ENTRIES SHOWN:
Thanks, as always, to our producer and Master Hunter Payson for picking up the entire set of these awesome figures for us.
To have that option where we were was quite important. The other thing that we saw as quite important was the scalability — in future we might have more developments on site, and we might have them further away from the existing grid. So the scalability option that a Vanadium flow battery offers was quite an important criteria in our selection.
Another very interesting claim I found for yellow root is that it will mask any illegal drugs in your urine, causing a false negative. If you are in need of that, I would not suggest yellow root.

* * *

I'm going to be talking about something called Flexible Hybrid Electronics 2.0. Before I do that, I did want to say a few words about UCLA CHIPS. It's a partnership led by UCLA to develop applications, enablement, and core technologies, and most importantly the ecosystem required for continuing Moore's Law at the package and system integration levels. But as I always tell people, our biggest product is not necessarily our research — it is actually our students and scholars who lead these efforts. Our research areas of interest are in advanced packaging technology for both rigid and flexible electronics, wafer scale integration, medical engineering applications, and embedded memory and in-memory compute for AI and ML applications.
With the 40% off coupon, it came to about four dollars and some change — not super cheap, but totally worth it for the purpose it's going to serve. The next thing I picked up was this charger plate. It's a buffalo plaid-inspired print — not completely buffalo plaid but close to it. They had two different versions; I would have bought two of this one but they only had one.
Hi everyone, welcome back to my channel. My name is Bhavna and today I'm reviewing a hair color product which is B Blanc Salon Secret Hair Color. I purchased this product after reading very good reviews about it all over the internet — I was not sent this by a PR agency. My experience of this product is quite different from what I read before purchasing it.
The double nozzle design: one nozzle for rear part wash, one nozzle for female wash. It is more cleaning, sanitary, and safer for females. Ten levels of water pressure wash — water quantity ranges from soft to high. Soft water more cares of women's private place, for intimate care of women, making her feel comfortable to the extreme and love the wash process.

---

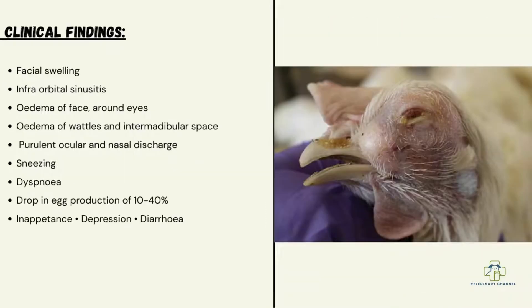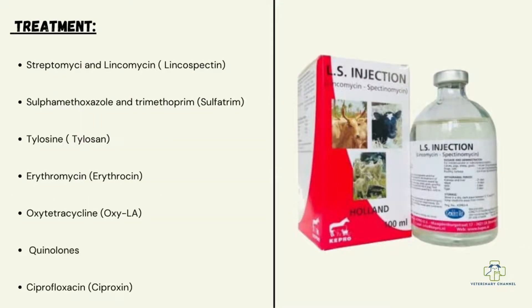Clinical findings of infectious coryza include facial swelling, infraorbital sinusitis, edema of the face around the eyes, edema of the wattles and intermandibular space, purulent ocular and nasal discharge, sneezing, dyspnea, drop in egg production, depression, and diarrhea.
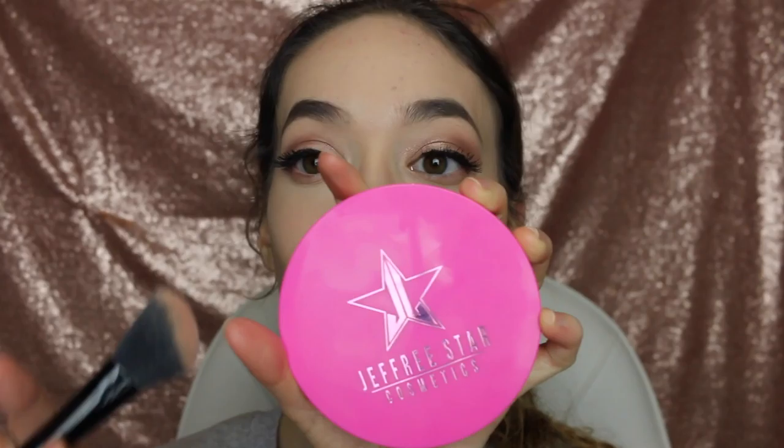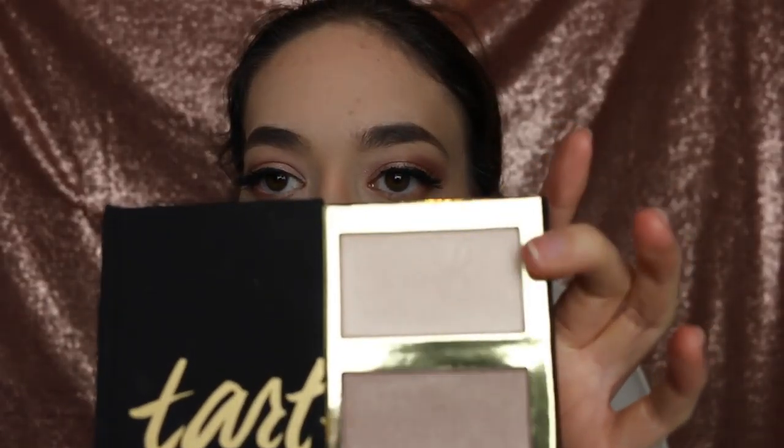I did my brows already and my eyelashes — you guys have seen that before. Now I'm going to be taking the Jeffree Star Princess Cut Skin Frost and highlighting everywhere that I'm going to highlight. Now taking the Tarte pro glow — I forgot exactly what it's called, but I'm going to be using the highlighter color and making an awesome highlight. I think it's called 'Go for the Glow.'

WHAT YOU WILL DO: Give back exactly the lines of the listing above that run from the line with "Thanks, as always, to" to the line with "To have that", inclusive.

EXPECTED ANSWER:
Thanks, as always, to our producer and Master Hunter Payson for picking up the entire set of these awesome figures for us.
To have that option where we were was quite important. The other thing that we saw as quite important was the scalability — in future we might have more developments on site, and we might have them further away from the existing grid. So the scalability option that a Vanadium flow battery offers was quite an important criteria in our selection.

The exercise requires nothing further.